* **Brief**
Starting with the line that holds "Grünen-Chef reagiert zurückhaltend", repeat each line through the last one below, exactly. Pictures stay out.

------------------------------

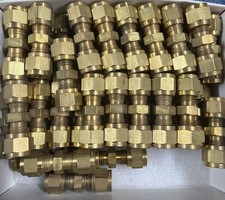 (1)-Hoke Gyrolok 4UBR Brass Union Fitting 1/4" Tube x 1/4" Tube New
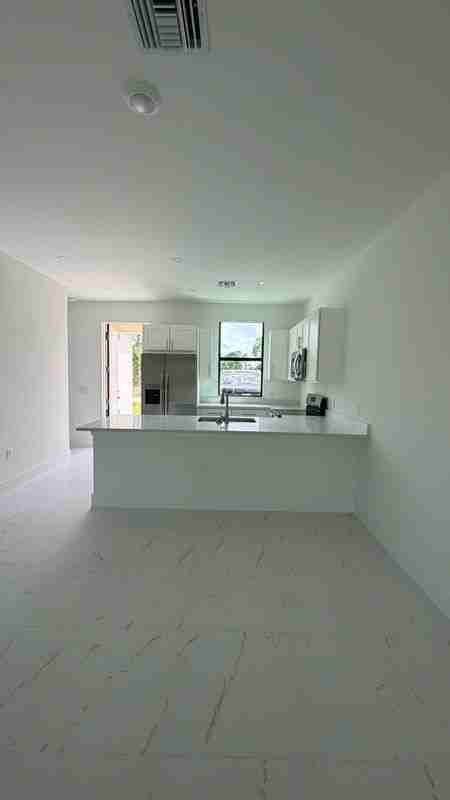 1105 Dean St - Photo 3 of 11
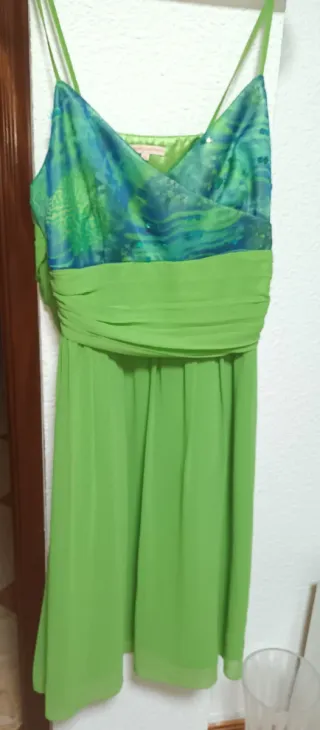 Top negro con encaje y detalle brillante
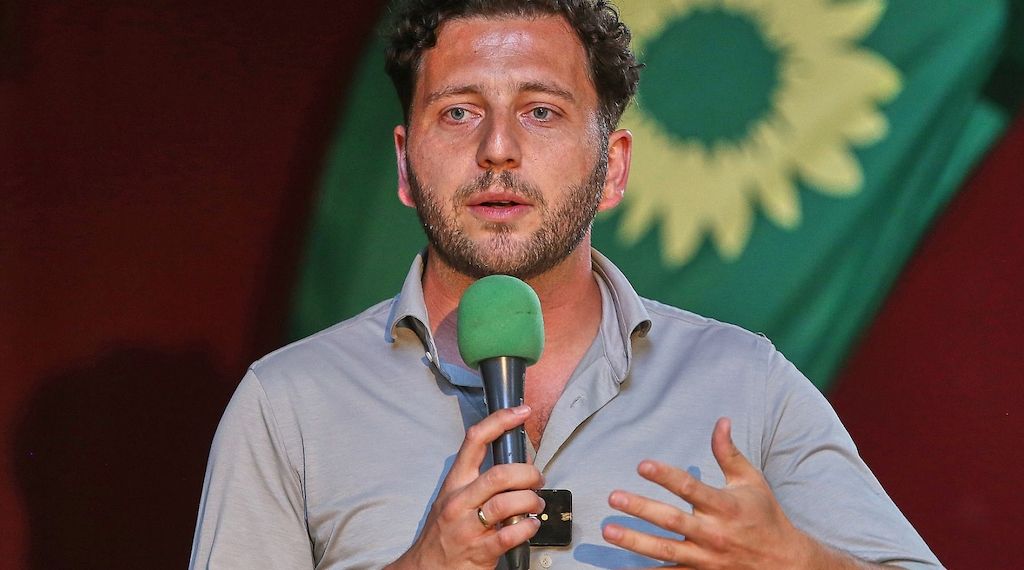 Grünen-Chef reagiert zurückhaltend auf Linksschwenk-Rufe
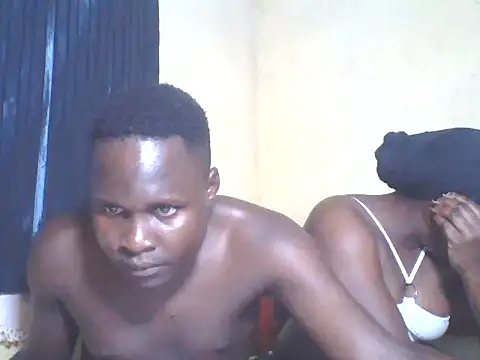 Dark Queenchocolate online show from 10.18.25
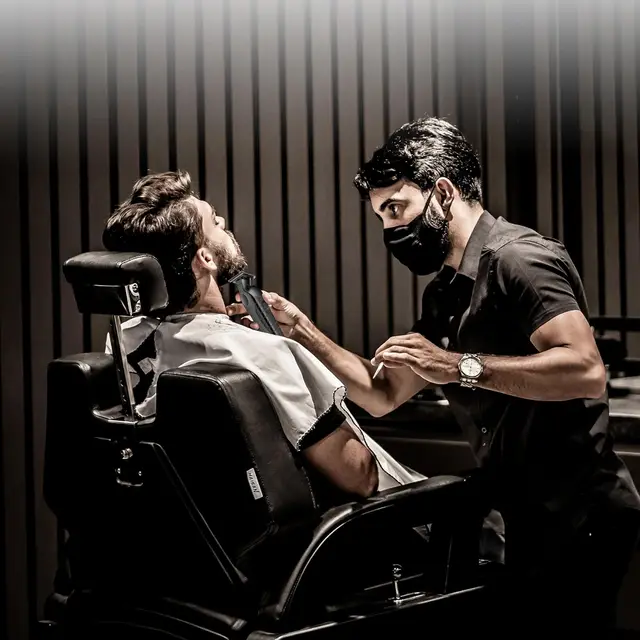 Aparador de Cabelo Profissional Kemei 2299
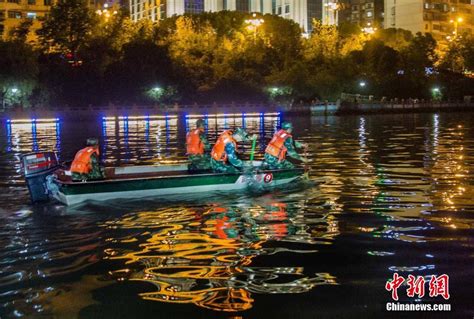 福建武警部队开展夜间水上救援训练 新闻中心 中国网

------------------------------

* **Task answer**
 Grünen-Chef reagiert zurückhaltend auf Linksschwenk-Rufe
 Dark Queenchocolate online show from 10.18.25
 Aparador de Cabelo Profissional Kemei 2299
 福建武警部队开展夜间水上救援训练 新闻中心 中国网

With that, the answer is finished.